→ Work instructions
Write out exactly the lines between the line containing "Four Stars Hostel" and the end of the records, counting both ends, and leave out all pictures.

→ Records shown

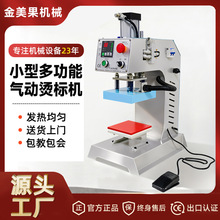 15x15cm自动单工位小型气动烫标机服装T恤热转印烫画机压唛烫钻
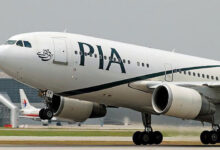 Pakistan’s PIA Enters Private Ownership after $645 million Takeover Deal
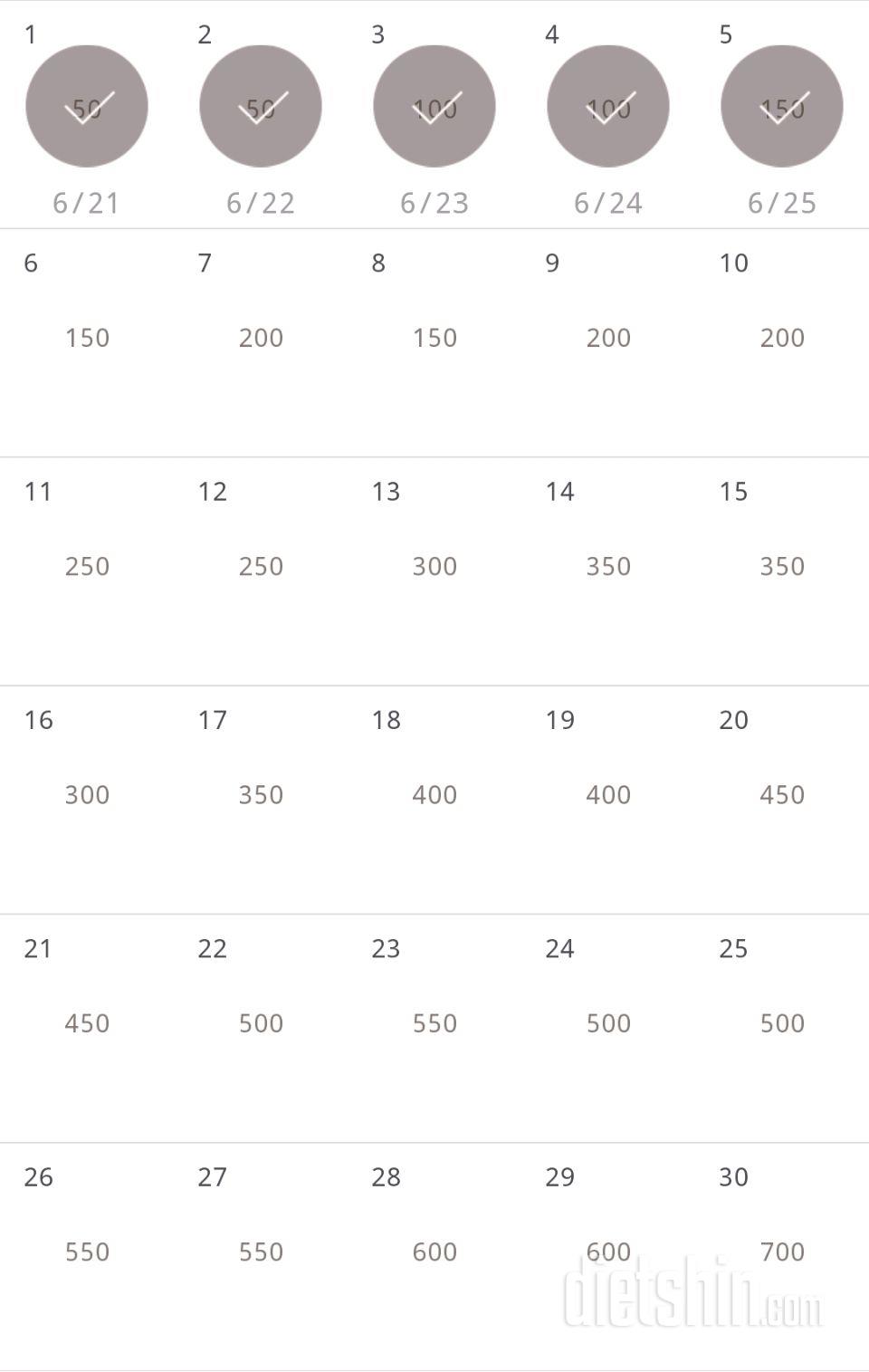 30일 점핑잭 5일차 성공!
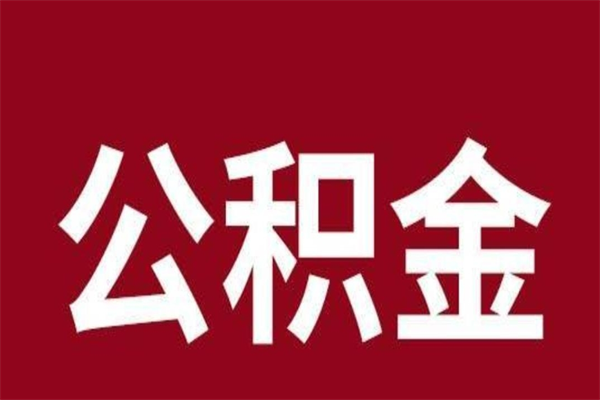 湖南公积金离职后可以全部取出来吗（湖南公积金离职后可以全部取出来吗多少钱）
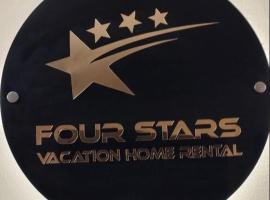 Four Stars Hostel RAS Al-Khaimah，位于拉斯阿尔卡麦的自助式住宿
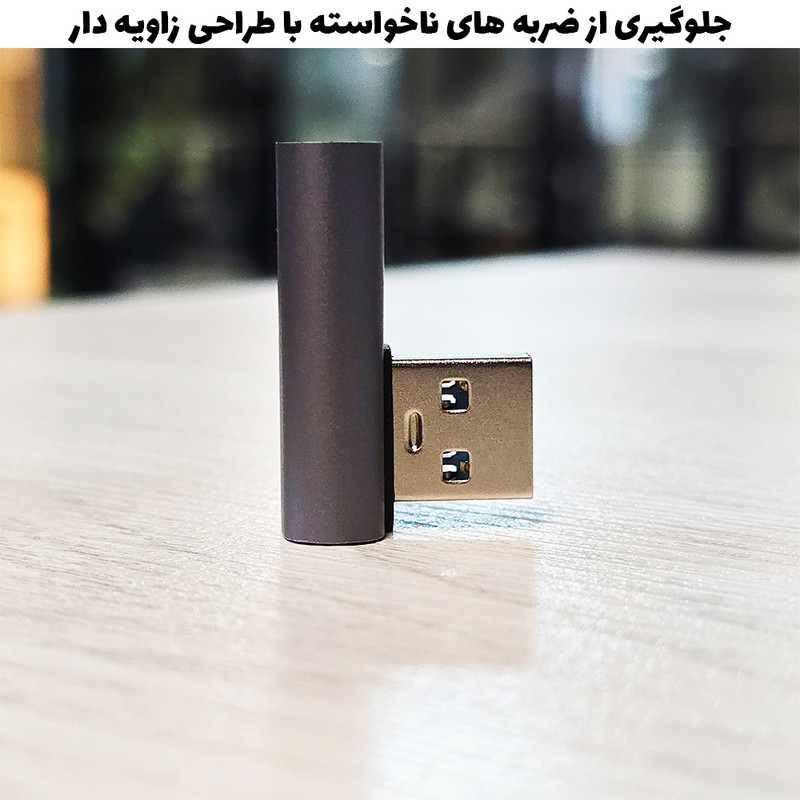 مبدل 3.0 USB به USB 3.0 مدل OTG Horizontal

→ Final answer
 Four Stars Hostel RAS Al-Khaimah，位于拉斯阿尔卡麦的自助式住宿
 مبدل 3.0 USB به USB 3.0 مدل OTG Horizontal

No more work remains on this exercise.